My favorite actor, and the person whose career I most want to emulate, Allison Janney, talks about how she prepares to play horrible characters such as Tonya Harding’s mother in I, Tonya, by understanding the character’s history and place in the universe at that time and her character’s mind to figure out why she does what she does. Connecting to a character like that, Janney explains, is necessary to create empathy and hopefully, feel what the character feels.
One of my favorite artists, Taylor Swift, writes her music as a great lover of literature, unfolding lyrical revelations to paint a picture of the true emotional journey each song unfolds. In her final song on her 2022 album Midnights, she writes to her audience on a track called Dear Reader, comparing her medium of songwriting with literature.

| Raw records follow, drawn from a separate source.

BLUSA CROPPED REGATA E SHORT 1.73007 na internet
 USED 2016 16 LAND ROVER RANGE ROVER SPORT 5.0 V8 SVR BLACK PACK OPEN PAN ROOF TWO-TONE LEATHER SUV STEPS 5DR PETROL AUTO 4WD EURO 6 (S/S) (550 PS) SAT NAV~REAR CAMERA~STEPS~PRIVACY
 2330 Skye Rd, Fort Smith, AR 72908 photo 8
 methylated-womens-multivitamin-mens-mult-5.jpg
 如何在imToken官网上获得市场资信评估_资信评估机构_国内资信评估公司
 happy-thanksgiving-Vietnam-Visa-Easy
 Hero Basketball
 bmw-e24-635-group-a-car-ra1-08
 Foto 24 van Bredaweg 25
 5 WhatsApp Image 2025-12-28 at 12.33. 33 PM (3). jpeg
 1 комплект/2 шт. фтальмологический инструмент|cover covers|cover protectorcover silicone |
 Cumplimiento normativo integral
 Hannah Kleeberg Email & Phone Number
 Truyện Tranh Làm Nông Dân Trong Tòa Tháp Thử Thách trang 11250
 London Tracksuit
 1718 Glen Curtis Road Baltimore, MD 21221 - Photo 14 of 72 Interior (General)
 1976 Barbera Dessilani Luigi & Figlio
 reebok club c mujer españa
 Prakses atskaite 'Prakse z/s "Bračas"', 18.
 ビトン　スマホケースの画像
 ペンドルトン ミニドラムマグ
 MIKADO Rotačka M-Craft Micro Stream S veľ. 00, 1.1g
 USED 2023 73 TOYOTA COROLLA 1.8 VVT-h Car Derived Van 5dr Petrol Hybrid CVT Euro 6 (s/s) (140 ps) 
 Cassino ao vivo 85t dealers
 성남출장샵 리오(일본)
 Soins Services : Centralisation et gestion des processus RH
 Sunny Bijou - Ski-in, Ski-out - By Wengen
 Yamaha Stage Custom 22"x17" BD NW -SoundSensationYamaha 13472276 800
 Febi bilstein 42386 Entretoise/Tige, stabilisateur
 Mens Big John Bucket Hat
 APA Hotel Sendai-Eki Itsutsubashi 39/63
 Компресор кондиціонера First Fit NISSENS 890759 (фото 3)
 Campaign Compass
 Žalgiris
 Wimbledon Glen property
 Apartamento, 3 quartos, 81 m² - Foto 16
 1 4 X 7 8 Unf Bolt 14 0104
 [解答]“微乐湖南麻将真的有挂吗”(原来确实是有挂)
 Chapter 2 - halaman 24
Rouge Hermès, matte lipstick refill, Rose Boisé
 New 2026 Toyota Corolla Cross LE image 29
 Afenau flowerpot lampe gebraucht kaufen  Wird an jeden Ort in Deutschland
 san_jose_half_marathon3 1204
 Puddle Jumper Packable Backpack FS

Swift admits she loves reading and writing, mixing her love of creation of songwriting with storytelling. In my view, the base of all performance art is storytelling. Artists need to create in order to tell stories that are inside us. Even though her predominant art form publicly is music, her job does not control how she spends all of her time. She consumes different forms of art (in this case devours literature) in order to inform her process, whose ultimate goal is to create a richer, more meaningful song.
If an actor is a true artist and not just an opportunist, they will be drawn to create and storytell however they can. For me, that means writing poetry that no one will ever read, or making playlists of music for characters I love, and using both my artistic and intellectual academic lives as resources. Not all I create or learn or research is for the purpose of showing the public, but it helps me in my process to really dive into the type of artist and actor I want to be. My anthropology major may not be full of acting classes or asking me to perform on stage, but it is equally important to my artistic quest. I believe that a more holistic education is the best way to teach artists how to be full human beings which in turn will make them better artists.
My philosophy and method when it comes to acting, anthropology, and life is searching for balance by incorporating the rich tapestry of artistic and academic influence the world has to offer.
No part of acting is just one thing. Performance requires a sense of the whole. Just like actors are one piece of a whole work of art, their performance can only be rich and nuanced with the knowledge of where the character they are portraying fits into the larger piece, their history and their larger world. There are so many moving parts of the whole that require a successful present performance, and without a well-rounded life, an actor simply will not have enough tools to make that successful performance happen.